Setiap tahunnya masyarakat Palestina selalu memperingati tanggal 30 Maret sebagai hari bumi. Bumi yang dimaksud disini adalah tanah tempat tinggal. Memperingati hari bumi artinya memperingati hilangnya tempat tinggal mereka yang dirampas penjajah Israel.
Peristiwa kelam itu terjadi pada tahun 1976 silam, di saat penjajah Israel menyita 21.000 hektar tanah milik para petani Palestina. Kebijakan itu diprotes warga melalui aksi damai, namun mereka dihadapkan dengan moncong senjata aparat Israel, hingga meletuslah bentrokan yang menewaskan 6 warga sipil Palestina serta puluhan korban luka.

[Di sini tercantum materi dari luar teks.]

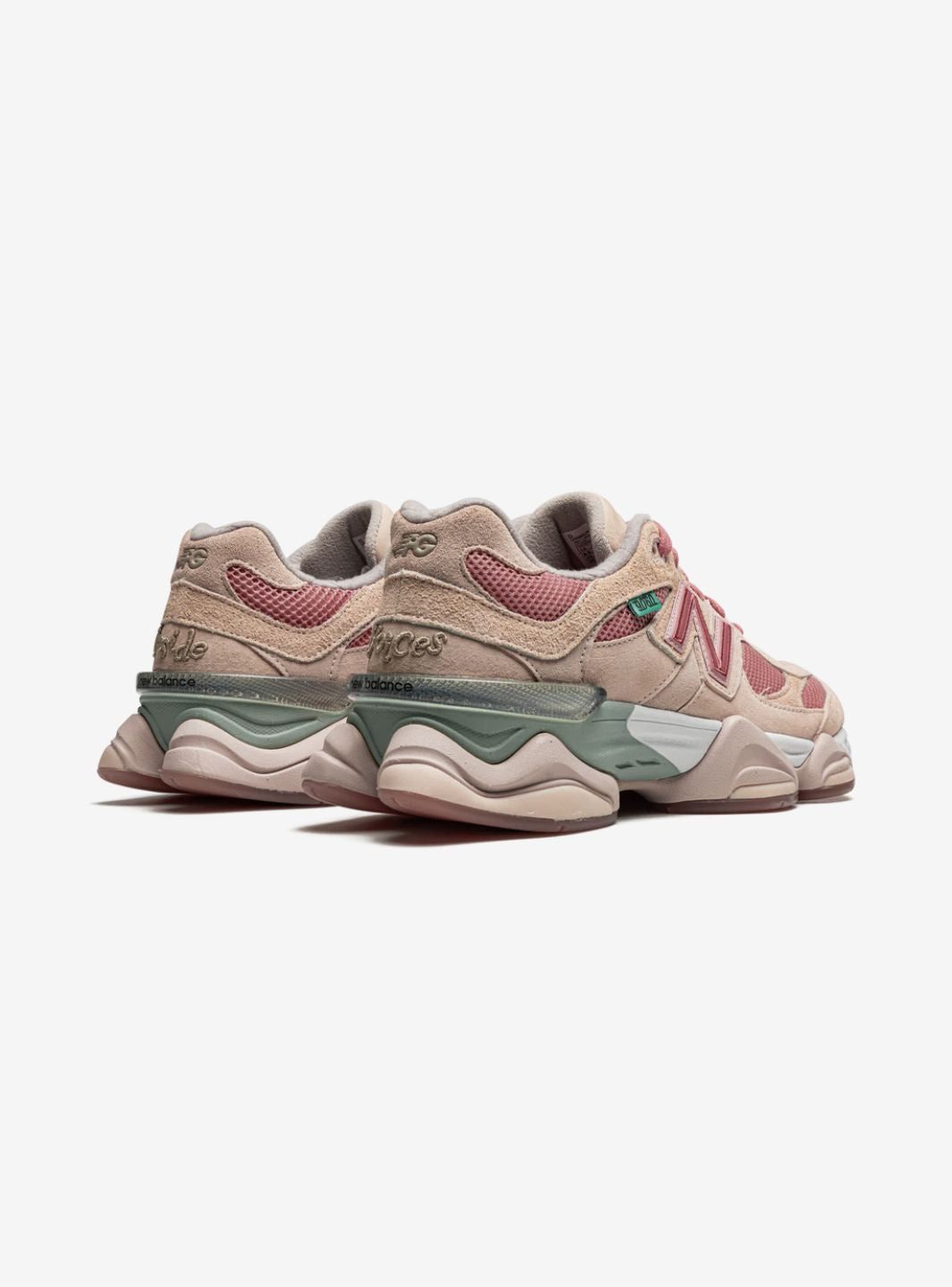 New Balance 9060 Joe Freshgoods Inside Voices Penny Cookie Pink - U9060JF1 | ResellZone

Sebenarnya tahun 1976 itu merupakan klimaks dari perampasan tanah yang dilakukan Israel sejak awal penjajahan terjadi di tahun 1948. Dalam kurun waktu 1948-1976 tercatat sekitar 1 juta hektar tanah milik warga Palestina yang telah dirampas. Ledakan kemarahan inilah yang sesungguhnya terjadi di tanggal 30 Maret 1976. Rakyat melakukan perlawanan masif tanpa komando. Begitu kompaknya, hingga sebagian sejarawan menyebut perlawanan rakyat ini sebagai Intifadah pertama di Palestina.
Memperingati hari bumi sama artinya mengingatkan dunia, untuk menuntut Israel mengembalikan tanah yang mereka rampas kepada pemiliknya yang sah. Hari peringatan seperti ini harus terus didengungkan, agar dunia tidak melupakan kepedihan yang dirasakan 5 juta lebih pengungsi Palestina yang terusir dari tanah kelahirannya.
Saat ini warga Palestina hanya mendiami 15% dari total 27.000 km2 persegi wilayah Palestina. Selebihnya sebanyak 85% berada di bawah pendudukan Israel. Fakta ini tentu menjadi hal yang memalukan bagi 7,2 miliar lebih penduduk dunia, karena membiarkan penjajahan itu terjadi di era modern, di saat tak ada lagi yang tersembunyi, karena kecanggihan teknologi dan kebebasan pers mengungkap detail kejahatan penjajah Israel setiap jamnya.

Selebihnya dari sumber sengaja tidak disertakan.